Re: Question about Oak search/query.

2013-12-06 Thread Jukka Zitting
Hi,

On Thu, Dec 5, 2013 at 9:36 PM, Ian Boston i...@tfd.co.uk wrote:
 Will the search index contain access control information or will the
 search results be filtered as each result is retrieved ?

The results will be filtered after the index lookup. It would be
possible for a custom search index to do the access checks already
when building/updating the index, but even in that case the query
engine would still double-check the access rights (the benefit would
be to avoid having to retrieve and then discard many inaccessible
hits).

 If the number of terms in the query exceeds the number of terms
 supported by Solr, does the Oak handle that transparently ?

I'm not sure, you'll need to look at the oak-solr indexing code. Or
perhaps Tommaso who wrote the code can chime in here.

BR,

Jukka Zitting


Re: Question about MVCC with MongoMK.

2013-12-06 Thread Jukka Zitting
Hi,

On Thu, Dec 5, 2013 at 9:43 PM, Ian Boston i...@tfd.co.uk wrote:
 Is it possible to branch an Oak repository and maintain a detached
 root node for a period of time that one or more Oak instances attached
 to a MongoDB instance can follow for a short period of time before
 merging the branch back into the main tree ?

The SegmentMK (with the MongoDB backend) can do this using the
hierarchical journal feature. The SegmentMK maintains one or more
journals that each track the evolution of a particular branch of the
repository. These branches would normally be automatically merged back
to the root journal, but a particular deployment could easily
disable automatic merging for a particular branch and use it for a
purpose like the one you described.

BR,

Jukka Zitting


Re: Question about MVCC with MongoMK.

2013-12-06 Thread Bertrand Delacretaz
Hi,

On Fri, Dec 6, 2013 at 11:12 AM, Jukka Zitting jukka.zitt...@gmail.com wrote:
 ...The SegmentMK (with the MongoDB backend) can do this using the
 hierarchical journal feature The SegmentMK maintains one or more
 journals that each track the evolution of a particular branch of the
 repository.

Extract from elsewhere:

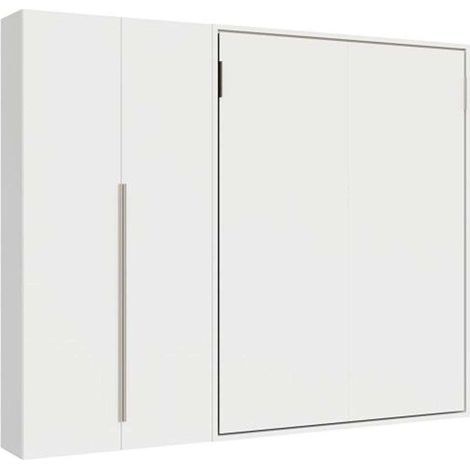Letto francese verticale a scomparsa Versia Sofà 140 con armadio dx 2 ante Bianco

These branches would normally be automatically merged back
 to the root journal, but a particular deployment could easily
 disable automatic merging for a particular branch and use it for a
 purpose like the one you described

Is there a way to tell the repository to start operating on such a
branch forever for a given client?

IIUC Ian's scenario, an application instance would tell Oak create a
BEFORE_UPGRADE branch and start working on that from now on so that
the content can be upgraded in the background and tested on other
application instances, before eventually merging the BEFORE_UPGRADE
branch back.

Is that possible today, or reasonably simple to implement? If yes that
would enable such a scenario with minimal application changes, which
sounds extremely useful.

-Bertrand


Re: Question about MVCC with MongoMK.

2013-12-06 Thread Jukka Zitting
Hi,

On Fri, Dec 6, 2013 at 5:26 AM, Bertrand Delacretaz
bdelacre...@apache.org wrote:
 Is that possible today, or reasonably simple to implement? If yes that
 would enable such a scenario with minimal application changes, which
 sounds extremely useful.

It's not available yet, but shouldn't be too difficult to implement.

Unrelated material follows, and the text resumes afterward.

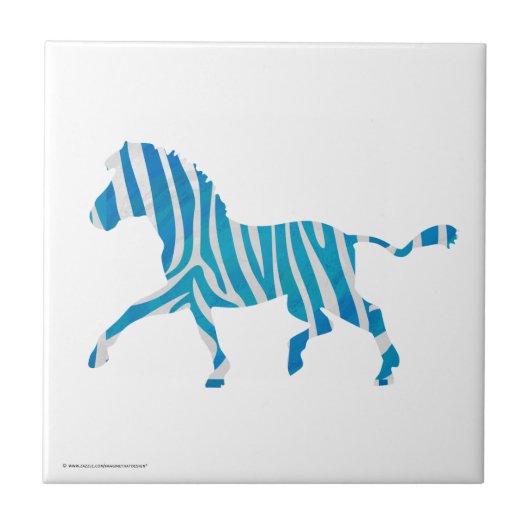 Zebra Silhouette Blau und Weiß Fliese (Vorderseite)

The main question here is whether we want to go down that path, as the
feature is only available with the SegmentMK (at least for now) and
we've generally wanted to avoid exposing such implementation-specific
features to higher level code.

BR,

Jukka Zitting


Re: Question about Oak search/query.

2013-12-06 Thread Tommaso Teofili
Hi all,

2013/12/6 Jukka Zitting jukka.zitt...@gmail.com

 Hi,

 On Thu, Dec 5, 2013 at 9:36 PM, Ian Boston i...@tfd.co.uk wrote:
  Will the search index contain access control information or will the
  search results be filtered as each result is retrieved ?

 The results will be filtered after the index lookup. It would be
 possible for a custom search index to do the access checks already
 when building/updating the index, but even in that case the query
 engine would still double-check the access rights (the benefit would
 be to avoid having to retrieve and then discard many inaccessible
 hits).


by the way, probably there's room for some optimization, e.g. very simple
idea: exclude paths at depth 1 (children of root node) the principle is not
able to read (which may mean adding them to the query passed to the Index
implementation), if any, then you'd always have to apply fine grained ACLs
on the result but maybe excluding some branches from start may help.



  If the number of terms in the query exceeds the number of terms
  supported by Solr, does the Oak handle that transparently ?

 I'm not sure, you'll need to look at the oak-solr indexing code. Or
 perhaps Tommaso who wrote the code can chime in here.


sure.
What limitation are you exactly referring to? Is it the BooleanQuery max
clause limit [1]?

Regards,
Tommaso


[1] :
http://lucene.apache.org/core/4_6_0/core/org/apache/lucene/search/BooleanQuery.TooManyClauses.html


 BR,

 Jukka Zitting



Re: Question: In Repository Index file.

2013-12-06 Thread Alex Parvulescu
Hi,

On Fri, Dec 6, 2013 at 11:06 AM, Jukka Zitting jukka.zitt...@gmail.comwrote:

 Hi,

 On Fri, Dec 6, 2013 at 1:25 AM, Ian Boston i...@tfd.co.uk wrote:
  In Oak when a index is stored in the repository, how is it updated
  when the repository is MongoDB backed and there are multiple JVM
  processes connected to the MongoDB ?

 That depends on the index and MK implementations. For example the
 PropertyIndex uses an index structure that can be updated concurrently
 when the updates affect different areas of the content repository.
 When using the MongoMK backend concurrent updates to the same nodes
 will automatically be synchronized, and with the SegmentMK (which also
 can be used with MongoDB) all commits against the same journal are
 synchronized. In both cases concurrent updates will automatically get
 resolved.

  Also if using SolrCloud as a search index, is it possible to fallback
  to an internal repository stored index if the the SolrCloud index
  becomes unavailable ?

 Yes. The query engine will automatically pick the best available index
 for each query execution. If a particular index is not available, then
 the second-best match for those queries that would have used it would
 automatically get picked.



There is one minor nitpick with this statement.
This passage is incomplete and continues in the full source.